Des artilleurs soviétiques se préparent à tirer sur une position finlandaise dans la péninsule de Hanko pendant la guerre finno-russe de 1939-1940. (TASS. AFP)
Publié le 04/12/2025 à 6h40

Si les historiens militaires ont redécouvert le front de l’Est pendant la Seconde Guerre mondiale depuis une quarantaine d’années, la société soviétique reste à bien des égards une terre inconnue, d’autant que les mensonges de la propagande russe n’ont guère aidé à dissiper le brouillard. C’est dire que la copieuse synthèse qu’Alexandre Sumpf nous propose tombe à point nommé !

En rectifiant d’abord bien des idées reçues qui font souvent office de vérité d’Evangile. La Grande Guerre patriotique, les manuels le martèlent, aurait débuté le 22 juin 1941 par l’attaque traîtreusement lancée par la Wehrmacht.

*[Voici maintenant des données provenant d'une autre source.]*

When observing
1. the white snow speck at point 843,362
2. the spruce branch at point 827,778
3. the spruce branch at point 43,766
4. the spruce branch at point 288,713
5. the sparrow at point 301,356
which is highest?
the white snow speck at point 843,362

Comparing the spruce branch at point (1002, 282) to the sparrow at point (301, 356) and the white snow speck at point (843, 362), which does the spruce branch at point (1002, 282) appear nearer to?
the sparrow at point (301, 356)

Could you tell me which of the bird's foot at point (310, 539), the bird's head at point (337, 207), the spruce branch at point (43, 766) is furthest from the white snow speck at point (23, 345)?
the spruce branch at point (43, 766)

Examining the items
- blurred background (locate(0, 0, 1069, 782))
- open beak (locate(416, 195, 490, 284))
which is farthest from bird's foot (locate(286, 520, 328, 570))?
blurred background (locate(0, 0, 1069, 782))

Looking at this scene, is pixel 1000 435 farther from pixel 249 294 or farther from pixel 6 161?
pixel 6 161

C’est oublier que l’Armée rouge s’était engagée dès septembre 1939 dans la campagne de Pologne avant de frapper la Finlande en novembre suivant. De même, la légende aime à célébrer la composition multiethnique des troupes soviétiques fraternellement unies contre l’envahisseur. A cette différence près que Staline a constamment privilégié les Russes et, dans une moindre mesure, les Ukrainiens et les Biélorusses. Tatars, Kirghizes et autre Turkmènes étaient plus appelés à servir dans des bataillons de travail qu’à porter les armes, les Juifs étant par ailleurs en butte à un violent antisémitisme.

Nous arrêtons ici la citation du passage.